Pomocnik Sandecji Adrian Danek przyznał, że sobotni przeciwnik jakoś specjalnie nie zaskoczył jego i kolegów. - Arka była po prostu bardzo skuteczna w swoich sytuacjach - powiedział 23-latek. - Wiedzieliśmy o tym, że gdynianie są groźni po stałych fragmentach gry. Niestety, doszły też do tego decyzje systemu VAR i mecz ułożył się dla nas niezbyt szczęśliwie - dopowiedział zawodnik, który tym razem rozegrał pełne zawody.
Dla Sandecji był to ósmy kolejny mecz ekstraklasy, w którym nie potrafiła wygrać. - Nie wiem, co się z nami dzieje. Myślę jednak, że wszystko co złe siedzi w naszych głowach. Musimy to jakoś przełamać, coś zmienić. Jak wiadomo każda zła seria kiedyś się kończy i tak zapewne będzie też w naszym przypadku. Musimy być optymistami.
Tymczasem Piast Gliwice zremisował swoje spotkanie z Pogonią w Szczecinie 2:2. Dzięki wywalczeniu tego „oczka” gliwiczanie plasujący się na przedostatnim miejscu w lidze tracą już tylko jeden punkt do sądeczan i Cracovii, które uzbierały po 18 pkt.
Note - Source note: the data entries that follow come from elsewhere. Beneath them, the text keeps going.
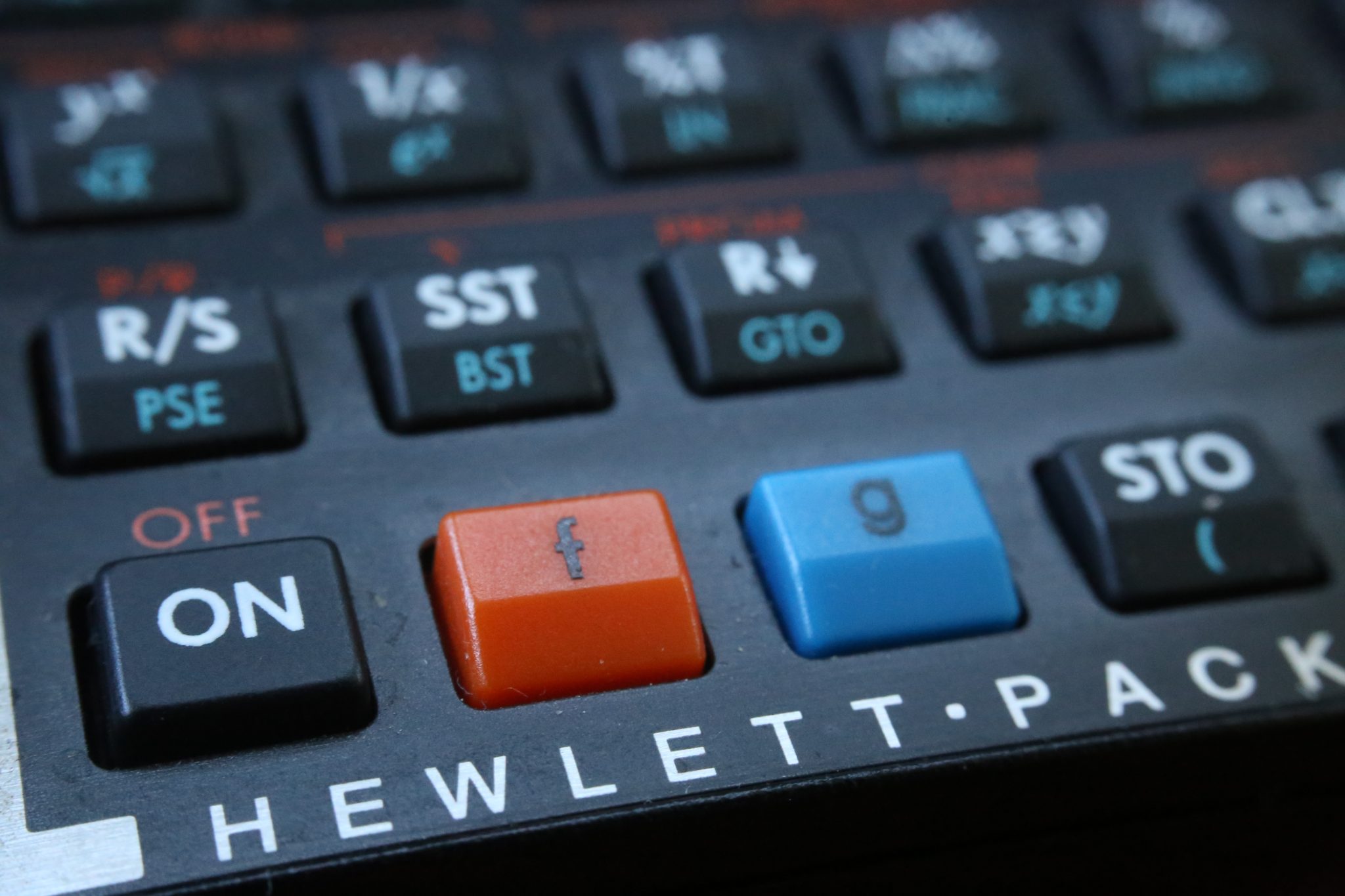 Primer plano de las teclas de una calculadora científica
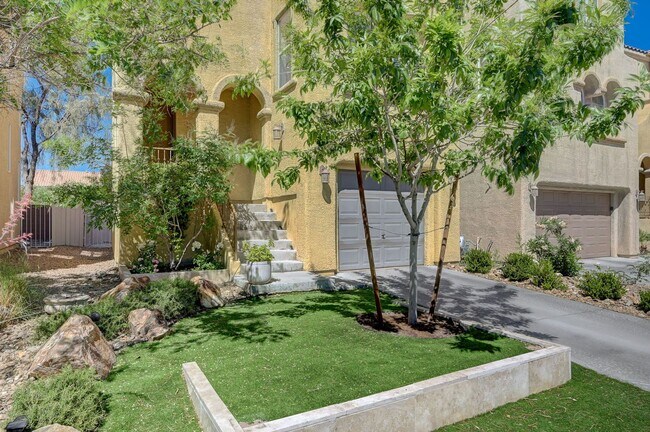 Foto del edificio - Stylish Tri-Level Home/Tandem Garage in Henderson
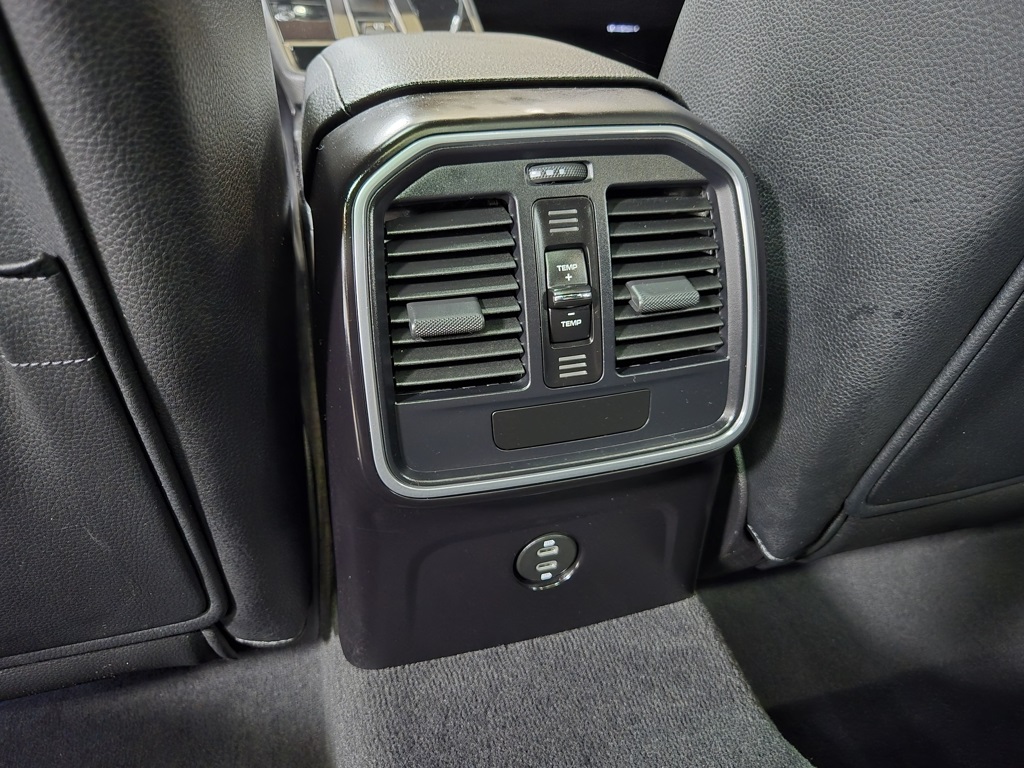 2022 Porsche Macan Base photo 35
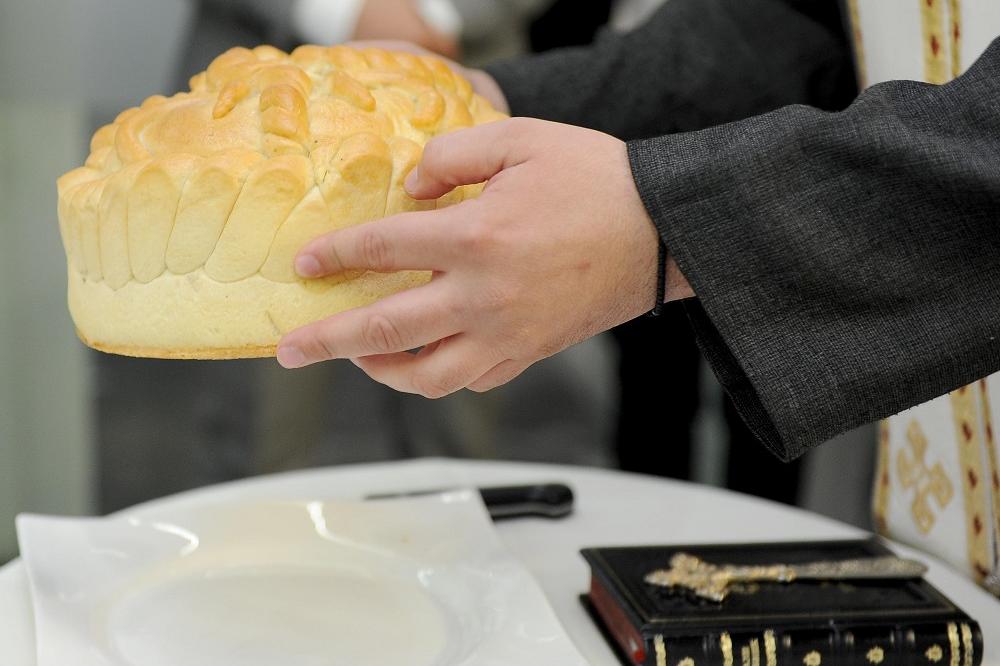 DA LI ZNATE GDE SRBI NAJVIŠE SLAVE NIKOLJDAN, A GDE ĐURĐEVDAN? Postoje i "male slave", evo šta se krije iza njih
- Niestety, ale nie możemy liczyć na wyniki innych drużyn, że ktoś nam w jakiś sposób pomoże, coś ułatwi. Tak to nie działa. Po prostu sami musimy zacząć punktować, najlepiej za trzy. W Przeciwnym razie nic się nie zmieni i dalej będzie tak jak teraz. Nie da się też ukryć, że naszym celem od początku sezonu jest utrzymanie się w ekstraklasie. Tak było po każdej kolejce, nawet po naszych nieoczekiwanych zwycięstwach. Przed nami jeszcze sporo kolejek, w których będziemy chcieli zaprezentować się jak najlepiej. Wiemy, o co gramy.
Teraz przed Sandecją trudny mecz z podrażnioną Legią Warszawa, która ostatnio przegrała w Kielcach z Koroną 2:3. - Zdajemy sobie sprawę z tego, że w takim spotkaniu z pewnością ciężko będzie przełamać naszą złą passę. Nie pozostaje nam jednak nic innego jak wierzyć w to, że jednak wygramy. Kilka razy pokazywaliśmy już bowiem w trwającym sezonie, że potrafimy pokonywać te topowe zespoły, faworytów (3:1 z Jagiellonią Białystok i 3:2 z Lechią Gdańsk - przyp. red.). Fajnie, żeby podobnie było w starciu z warszawianami. Na pewno nie będziemy odstawiać nogi i nie przestraszymy się przeciwnika. Ekstraklasa jest nieobliczalna, w tej lidze wszystko może się zdarzyć - podsumował Danek.